La presentación de Bad Bunny en el show de medio tiempo del Super Bowl LX, realizado en el Levi’s Stadium de Santa Clara, California, desató una dura reacción del presidente de Estados Unidos, Donald Trump, quien calificó el espectáculo como uno de los peores en la historia del evento.
Minutos después de concluida la actuación, el mandatario republicano utilizó su plataforma Truth Social para lanzar una serie de críticas contra el artista puertorriqueño y contra la NFL. En sus mensajes, Trump describió el show como “absolutamente terrible” y aseguró que no representó los valores ni los estándares de éxito y creatividad del país.
“No tiene sentido, es una afrenta a la grandeza de Estados Unidos y no representa nuestros estándares de éxito, creatividad ni excelencia”, escribió el presidente.
Trump también cuestionó el lenguaje y la coreografía del espectáculo. “Nadie entiende ni una palabra de lo que dice este tipo, y el baile es repugnante, especialmente para los niños pequeños”, señaló, antes de concluir que la presentación fue “una bofetada a nuestro país”.
En el mismo mensaje, el mandatario aprovechó para criticar a la NFL por sus reglas de juego y cerró con su consigna política: “¡HAGAMOS A ESTADOS UNIDOS GRANDE DE NUEVO!”.
La postura del presidente fue acompañada por señales institucionales. Durante el inicio del concierto, la cuenta oficial de la Casa Blanca en la red social X publicó el mensaje “Make America Great Again”, interpretado como un gesto de rechazo a la elección del artista para el espectáculo.
Además, miembros del gabinete expresaron su desacuerdo. El secretario de Guerra, Pete Hegseth, reconoció públicamente que seguía un “concierto alternativo” promovido por la organización conservadora Turning Point USA, creado como una forma de boicot al show de medio tiempo.
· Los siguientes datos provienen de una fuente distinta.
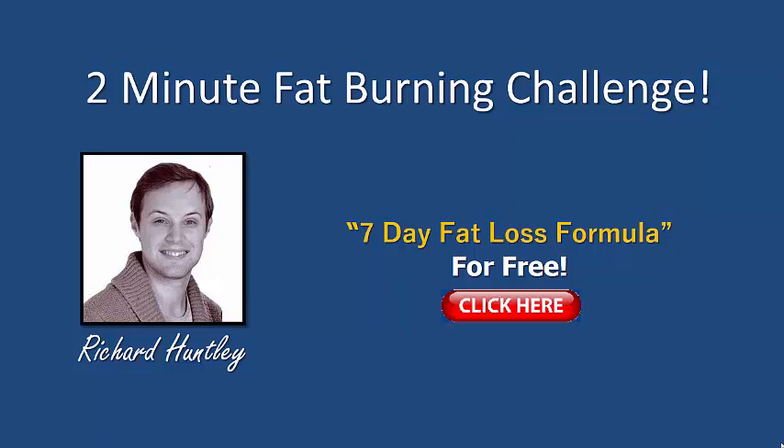Just before we get started — welcome, guys. If you're new to my videos, go and pick up a copy of my free plan called the 7-Day Fatless Formula. Click on the link here in the video, or the link below if you're watching on a mobile or iPad device. You can download it and set yourself up for the next seven days. You've got workouts, diet plans, motivational and goal-setting — everything like that. It's all set up for you.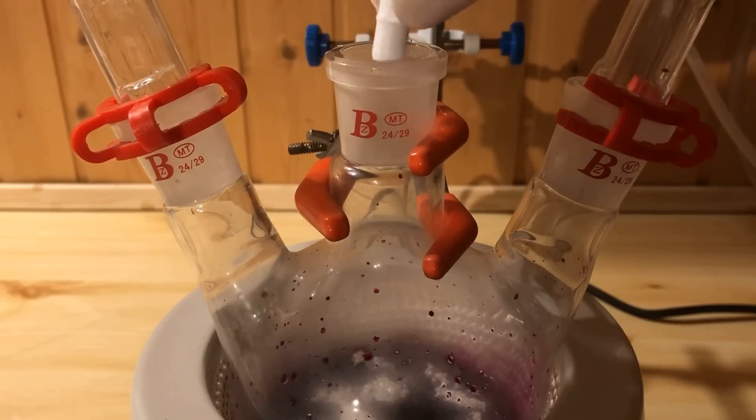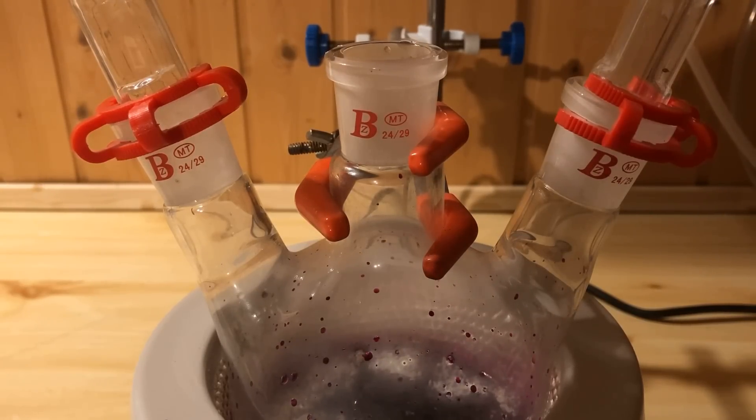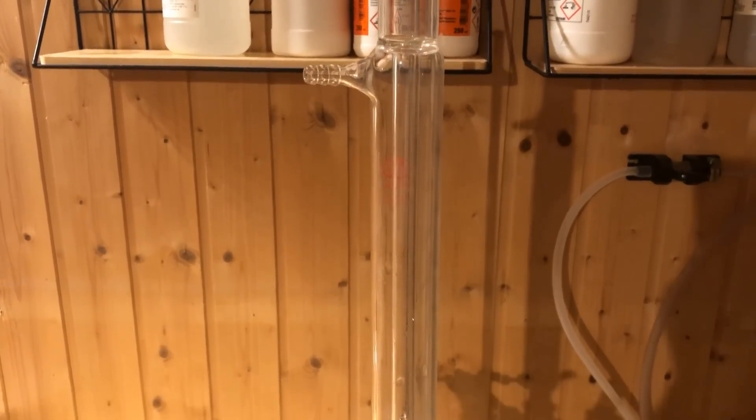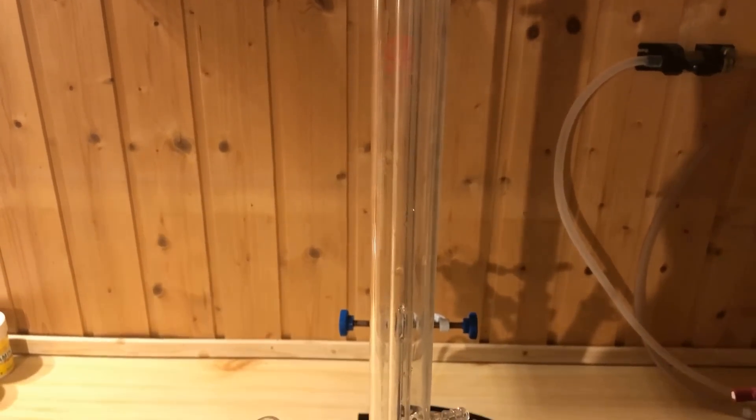After adding a stir bar, the reflux condenser is put on. It doesn't have to be a Dimroth condenser — I use a Liebig condenser, which is perfectly adequate.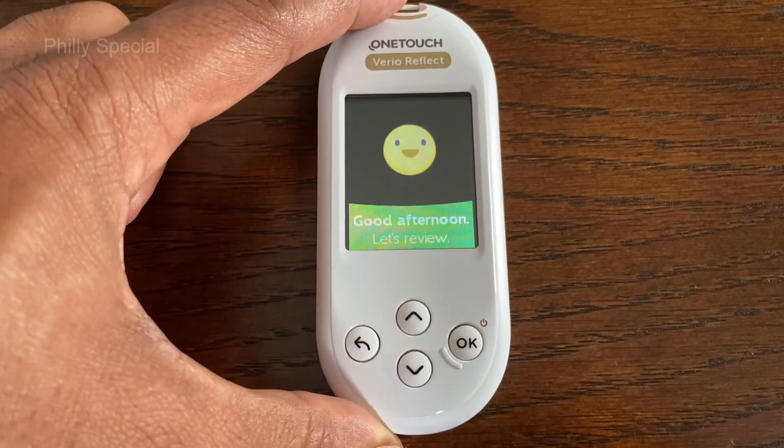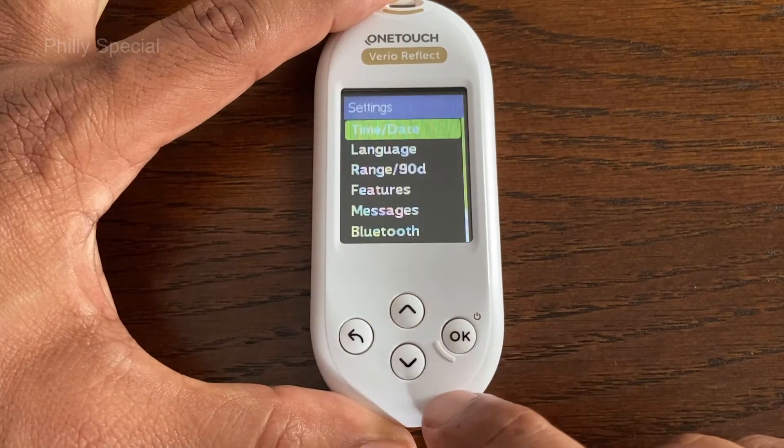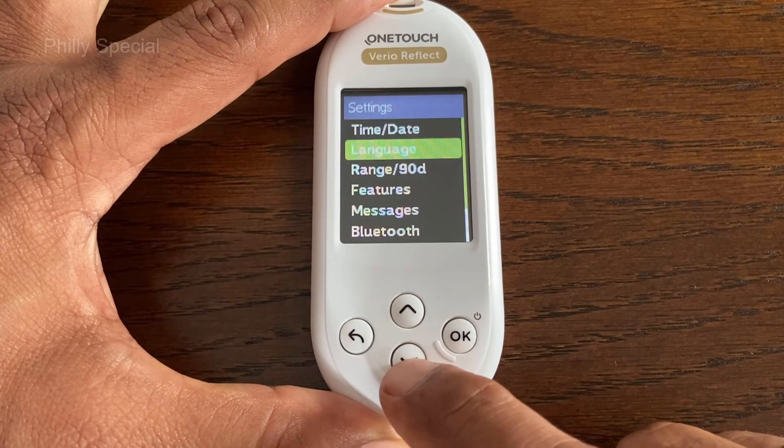Press and hold the OK button to turn the meter on. Once the meter is on, use the arrow button to scroll down to the Settings option and press OK to enter Settings.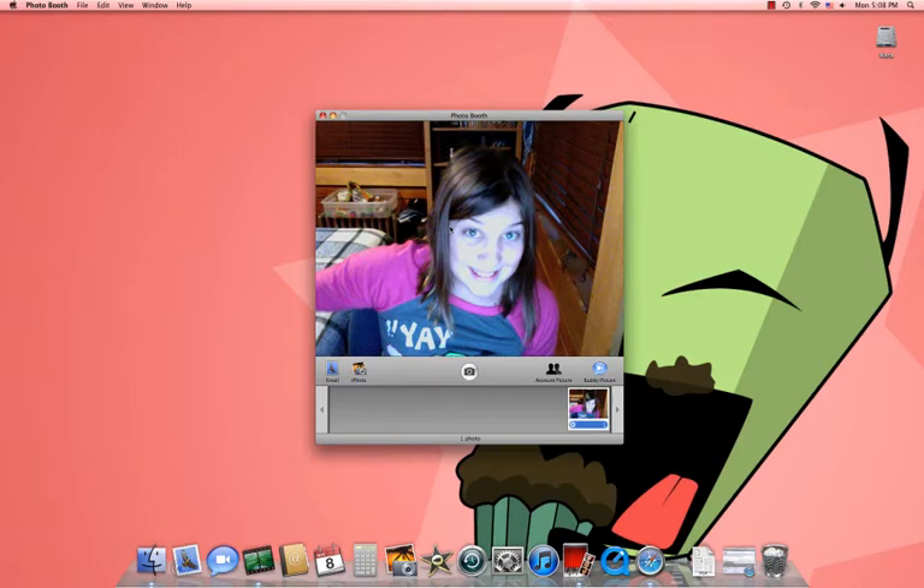Usually it won't do that for me if I don't look directly into the camera. But that's only for me.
El rechazo presidencial no fue sorpresivo. Desde el 24 de enero, Trump había anunciado que no asistiría al Super Bowl debido a la participación de Bad Bunny y de la banda Green Day, a quienes calificó como una “pésima elección” que, según dijo entonces, “siembra odio”.
Bad Bunny ha sido un crítico abierto de las políticas antiinmigrantes de Trump, mientras que Billie Joe Armstrong, líder de Green Day, también ha expresado su oposición a las redadas del Servicio de Inmigración y Control de Aduanas (ICE).